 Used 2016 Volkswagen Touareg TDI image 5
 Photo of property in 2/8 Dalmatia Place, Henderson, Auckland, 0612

○ ○ ○

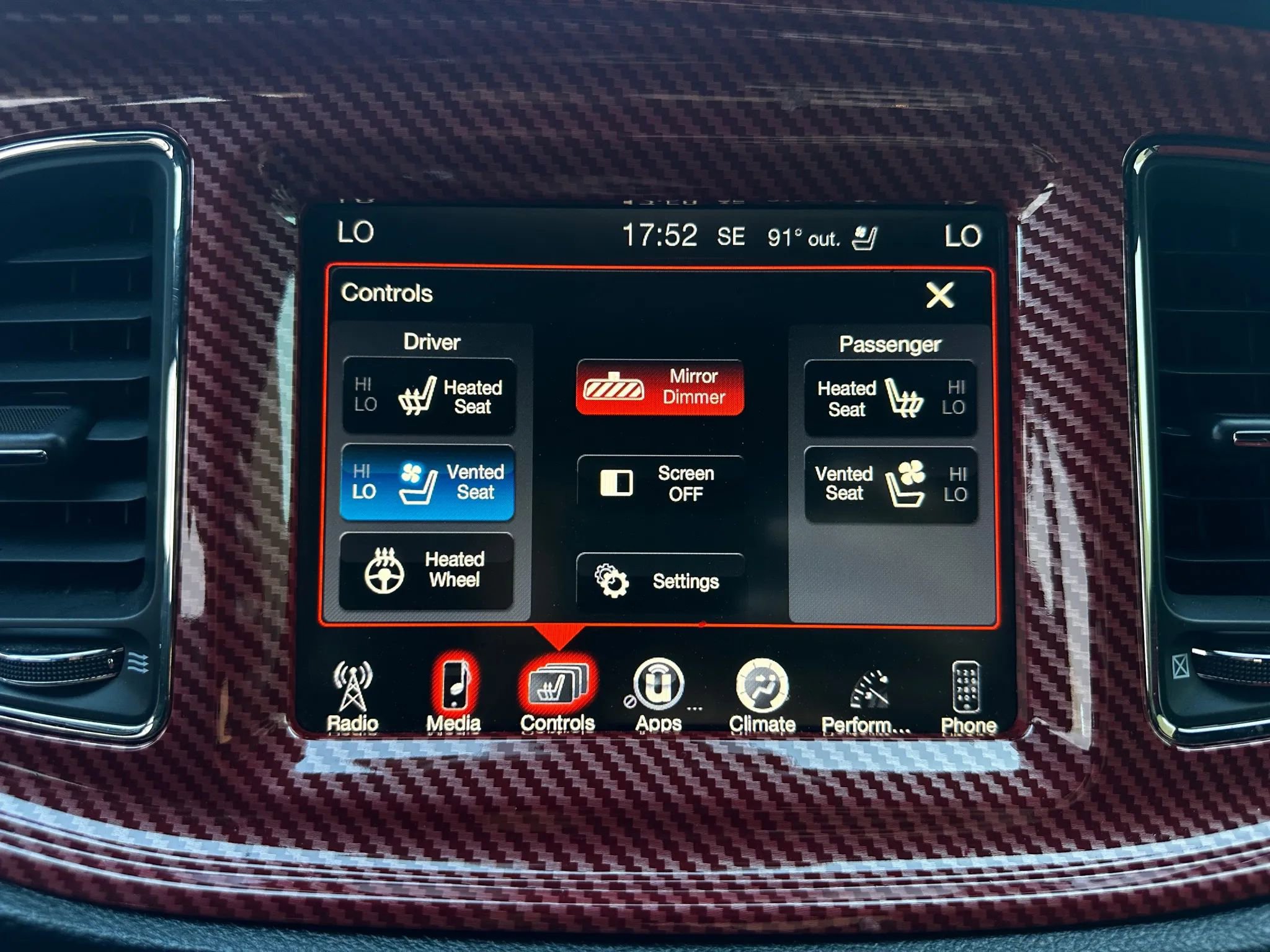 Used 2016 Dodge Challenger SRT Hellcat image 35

○ ○ ○

* EXERCISE BRIEF *
Return a word-for-word copy of the lines above from the one holding "Used 2016 Volkswagen Touareg TDI image 5" through the one holding "Photo of property", with both of them included and nothing besides.

* RESULT OF THE TASK *
 Used 2016 Volkswagen Touareg TDI image 5
 Photo of property in 2/8 Dalmatia Place, Henderson, Auckland, 0612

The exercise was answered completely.